§ Assignment
Within the records below, reproduce without change the lines from the line that has "Российские ученые отдали" through the line that has "Эмили Коул: Архитектура", and only those.
------------------------------------------------------------
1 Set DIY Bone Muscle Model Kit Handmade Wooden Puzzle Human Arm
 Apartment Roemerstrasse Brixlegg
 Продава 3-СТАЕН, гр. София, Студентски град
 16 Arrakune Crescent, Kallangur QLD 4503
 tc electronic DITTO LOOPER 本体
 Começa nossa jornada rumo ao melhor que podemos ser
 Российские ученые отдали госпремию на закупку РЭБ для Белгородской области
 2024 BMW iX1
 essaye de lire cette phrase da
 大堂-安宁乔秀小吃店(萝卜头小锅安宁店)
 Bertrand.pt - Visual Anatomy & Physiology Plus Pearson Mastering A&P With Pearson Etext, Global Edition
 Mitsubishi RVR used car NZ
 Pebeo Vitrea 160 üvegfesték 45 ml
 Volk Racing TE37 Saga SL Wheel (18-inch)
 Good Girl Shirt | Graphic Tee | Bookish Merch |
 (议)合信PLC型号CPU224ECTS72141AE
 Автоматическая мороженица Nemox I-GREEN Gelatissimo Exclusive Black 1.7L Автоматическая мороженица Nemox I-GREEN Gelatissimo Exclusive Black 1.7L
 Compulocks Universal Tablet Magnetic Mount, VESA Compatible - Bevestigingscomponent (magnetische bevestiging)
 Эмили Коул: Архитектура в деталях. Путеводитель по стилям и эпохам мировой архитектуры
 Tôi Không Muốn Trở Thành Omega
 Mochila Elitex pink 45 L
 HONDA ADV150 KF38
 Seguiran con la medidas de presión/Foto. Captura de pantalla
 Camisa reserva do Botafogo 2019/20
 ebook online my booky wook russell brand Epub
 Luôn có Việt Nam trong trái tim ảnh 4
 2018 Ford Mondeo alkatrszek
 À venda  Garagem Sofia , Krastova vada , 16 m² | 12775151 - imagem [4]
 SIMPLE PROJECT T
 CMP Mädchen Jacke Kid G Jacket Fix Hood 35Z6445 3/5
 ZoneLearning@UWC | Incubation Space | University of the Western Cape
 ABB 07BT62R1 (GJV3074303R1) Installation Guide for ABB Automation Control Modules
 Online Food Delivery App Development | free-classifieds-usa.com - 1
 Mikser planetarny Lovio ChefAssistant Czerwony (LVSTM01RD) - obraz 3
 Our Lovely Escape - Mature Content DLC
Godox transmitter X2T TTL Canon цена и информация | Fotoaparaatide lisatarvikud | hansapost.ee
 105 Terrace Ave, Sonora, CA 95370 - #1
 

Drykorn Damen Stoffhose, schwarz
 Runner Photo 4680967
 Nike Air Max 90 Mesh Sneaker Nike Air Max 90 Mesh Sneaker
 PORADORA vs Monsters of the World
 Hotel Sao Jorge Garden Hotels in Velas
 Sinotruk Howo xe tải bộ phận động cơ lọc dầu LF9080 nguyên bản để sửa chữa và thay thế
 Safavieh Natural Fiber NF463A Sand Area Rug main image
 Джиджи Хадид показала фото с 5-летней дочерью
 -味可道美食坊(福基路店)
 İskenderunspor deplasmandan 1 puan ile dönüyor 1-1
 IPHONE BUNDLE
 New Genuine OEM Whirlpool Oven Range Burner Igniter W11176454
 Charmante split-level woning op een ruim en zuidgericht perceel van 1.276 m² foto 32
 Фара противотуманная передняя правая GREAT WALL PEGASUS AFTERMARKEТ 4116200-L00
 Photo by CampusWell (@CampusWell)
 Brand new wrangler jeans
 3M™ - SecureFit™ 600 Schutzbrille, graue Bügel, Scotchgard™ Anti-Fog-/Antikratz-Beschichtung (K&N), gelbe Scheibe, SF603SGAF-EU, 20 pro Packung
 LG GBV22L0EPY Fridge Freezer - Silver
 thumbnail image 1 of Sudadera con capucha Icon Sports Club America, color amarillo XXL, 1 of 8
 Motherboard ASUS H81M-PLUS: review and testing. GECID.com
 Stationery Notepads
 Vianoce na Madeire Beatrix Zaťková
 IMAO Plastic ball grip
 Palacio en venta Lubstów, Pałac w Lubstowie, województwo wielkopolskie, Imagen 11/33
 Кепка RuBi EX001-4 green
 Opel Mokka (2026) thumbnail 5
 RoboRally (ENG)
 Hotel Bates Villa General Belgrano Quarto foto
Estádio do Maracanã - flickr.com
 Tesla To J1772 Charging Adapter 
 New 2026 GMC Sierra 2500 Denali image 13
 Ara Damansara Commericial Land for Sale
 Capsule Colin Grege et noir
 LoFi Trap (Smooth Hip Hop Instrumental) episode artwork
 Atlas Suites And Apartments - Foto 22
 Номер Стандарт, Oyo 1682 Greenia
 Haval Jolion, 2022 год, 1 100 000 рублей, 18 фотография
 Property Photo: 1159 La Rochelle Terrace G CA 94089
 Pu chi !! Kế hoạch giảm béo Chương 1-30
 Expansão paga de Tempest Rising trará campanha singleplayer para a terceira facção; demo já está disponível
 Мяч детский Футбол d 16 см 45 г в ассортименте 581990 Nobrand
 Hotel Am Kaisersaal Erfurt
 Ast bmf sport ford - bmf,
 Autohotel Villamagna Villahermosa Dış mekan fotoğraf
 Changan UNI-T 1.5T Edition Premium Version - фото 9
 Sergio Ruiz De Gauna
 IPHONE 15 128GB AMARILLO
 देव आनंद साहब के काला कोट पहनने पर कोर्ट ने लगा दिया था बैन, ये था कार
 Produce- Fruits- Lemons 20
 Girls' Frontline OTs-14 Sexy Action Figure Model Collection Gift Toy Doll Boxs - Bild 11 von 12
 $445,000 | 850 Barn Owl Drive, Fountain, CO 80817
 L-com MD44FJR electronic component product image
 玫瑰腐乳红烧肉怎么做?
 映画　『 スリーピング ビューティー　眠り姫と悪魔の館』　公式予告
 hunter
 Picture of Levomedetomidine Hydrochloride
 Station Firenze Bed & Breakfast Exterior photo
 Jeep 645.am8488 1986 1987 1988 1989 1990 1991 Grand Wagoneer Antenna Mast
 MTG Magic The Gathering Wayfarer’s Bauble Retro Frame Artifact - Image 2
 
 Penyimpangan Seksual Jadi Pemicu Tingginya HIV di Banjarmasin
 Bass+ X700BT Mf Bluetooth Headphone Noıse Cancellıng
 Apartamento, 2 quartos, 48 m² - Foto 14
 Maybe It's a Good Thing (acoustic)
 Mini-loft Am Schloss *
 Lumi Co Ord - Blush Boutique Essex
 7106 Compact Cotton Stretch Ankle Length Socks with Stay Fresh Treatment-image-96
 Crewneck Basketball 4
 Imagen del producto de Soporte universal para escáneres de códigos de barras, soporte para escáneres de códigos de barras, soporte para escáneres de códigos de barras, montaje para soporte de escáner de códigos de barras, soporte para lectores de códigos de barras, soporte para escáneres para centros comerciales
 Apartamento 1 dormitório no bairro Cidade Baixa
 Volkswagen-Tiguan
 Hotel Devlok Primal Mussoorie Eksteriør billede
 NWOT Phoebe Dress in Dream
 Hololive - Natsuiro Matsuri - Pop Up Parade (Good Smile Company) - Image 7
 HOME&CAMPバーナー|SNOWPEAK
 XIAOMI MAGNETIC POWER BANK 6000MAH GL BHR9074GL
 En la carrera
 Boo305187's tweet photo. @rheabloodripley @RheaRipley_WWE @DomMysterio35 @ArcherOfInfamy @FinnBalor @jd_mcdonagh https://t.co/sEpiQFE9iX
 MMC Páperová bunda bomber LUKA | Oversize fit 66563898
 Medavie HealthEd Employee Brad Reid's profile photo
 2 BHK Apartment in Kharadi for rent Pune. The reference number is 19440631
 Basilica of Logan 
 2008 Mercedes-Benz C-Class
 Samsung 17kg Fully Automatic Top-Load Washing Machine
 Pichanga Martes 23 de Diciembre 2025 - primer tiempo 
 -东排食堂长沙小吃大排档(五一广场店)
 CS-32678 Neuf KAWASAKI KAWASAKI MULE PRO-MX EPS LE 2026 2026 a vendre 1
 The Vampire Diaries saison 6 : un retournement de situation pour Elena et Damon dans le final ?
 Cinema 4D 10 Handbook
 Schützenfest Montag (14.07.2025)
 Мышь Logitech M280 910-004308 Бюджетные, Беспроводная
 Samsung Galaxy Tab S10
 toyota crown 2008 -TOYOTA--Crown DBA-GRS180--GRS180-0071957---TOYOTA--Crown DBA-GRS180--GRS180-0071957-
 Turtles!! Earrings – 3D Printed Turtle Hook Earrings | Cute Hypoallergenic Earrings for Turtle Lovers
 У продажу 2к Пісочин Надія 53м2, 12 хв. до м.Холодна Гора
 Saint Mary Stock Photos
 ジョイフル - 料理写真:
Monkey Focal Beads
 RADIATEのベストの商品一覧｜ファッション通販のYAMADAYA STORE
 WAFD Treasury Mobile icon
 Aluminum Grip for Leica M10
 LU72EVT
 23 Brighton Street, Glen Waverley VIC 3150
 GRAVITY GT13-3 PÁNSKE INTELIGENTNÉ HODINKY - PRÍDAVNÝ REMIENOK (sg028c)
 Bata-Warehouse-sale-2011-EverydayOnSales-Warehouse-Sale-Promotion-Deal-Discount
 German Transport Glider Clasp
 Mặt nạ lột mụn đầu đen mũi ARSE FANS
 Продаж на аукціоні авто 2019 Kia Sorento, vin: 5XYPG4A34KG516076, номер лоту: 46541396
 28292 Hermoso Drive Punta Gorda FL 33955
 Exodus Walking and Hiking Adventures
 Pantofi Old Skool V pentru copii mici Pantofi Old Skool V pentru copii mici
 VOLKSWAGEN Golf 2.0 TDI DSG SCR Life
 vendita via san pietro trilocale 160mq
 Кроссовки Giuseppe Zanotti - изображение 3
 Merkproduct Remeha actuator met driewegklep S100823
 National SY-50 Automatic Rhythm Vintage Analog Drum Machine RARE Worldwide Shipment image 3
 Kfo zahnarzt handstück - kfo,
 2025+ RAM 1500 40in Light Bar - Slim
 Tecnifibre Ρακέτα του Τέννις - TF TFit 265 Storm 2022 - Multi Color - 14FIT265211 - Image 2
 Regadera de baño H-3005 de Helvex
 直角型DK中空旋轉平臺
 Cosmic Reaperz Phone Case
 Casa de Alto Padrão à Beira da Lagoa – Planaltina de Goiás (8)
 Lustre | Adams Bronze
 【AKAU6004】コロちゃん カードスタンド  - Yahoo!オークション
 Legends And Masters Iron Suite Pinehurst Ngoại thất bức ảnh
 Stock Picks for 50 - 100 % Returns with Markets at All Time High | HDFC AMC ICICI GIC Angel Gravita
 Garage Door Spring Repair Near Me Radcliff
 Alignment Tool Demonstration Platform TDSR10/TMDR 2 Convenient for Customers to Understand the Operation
------------------------------------------------------------
§ Answer below
 Российские ученые отдали госпремию на закупку РЭБ для Белгородской области
 2024 BMW iX1
 essaye de lire cette phrase da
 大堂-安宁乔秀小吃店(萝卜头小锅安宁店)
 Bertrand.pt - Visual Anatomy & Physiology Plus Pearson Mastering A&P With Pearson Etext, Global Edition
 Mitsubishi RVR used car NZ
 Pebeo Vitrea 160 üvegfesték 45 ml
 Volk Racing TE37 Saga SL Wheel (18-inch)
 Good Girl Shirt | Graphic Tee | Bookish Merch |
 (议)合信PLC型号CPU224ECTS72141AE
 Автоматическая мороженица Nemox I-GREEN Gelatissimo Exclusive Black 1.7L Автоматическая мороженица Nemox I-GREEN Gelatissimo Exclusive Black 1.7L
 Compulocks Universal Tablet Magnetic Mount, VESA Compatible - Bevestigingscomponent (magnetische bevestiging)
 Эмили Коул: Архитектура в деталях. Путеводитель по стилям и эпохам мировой архитектуры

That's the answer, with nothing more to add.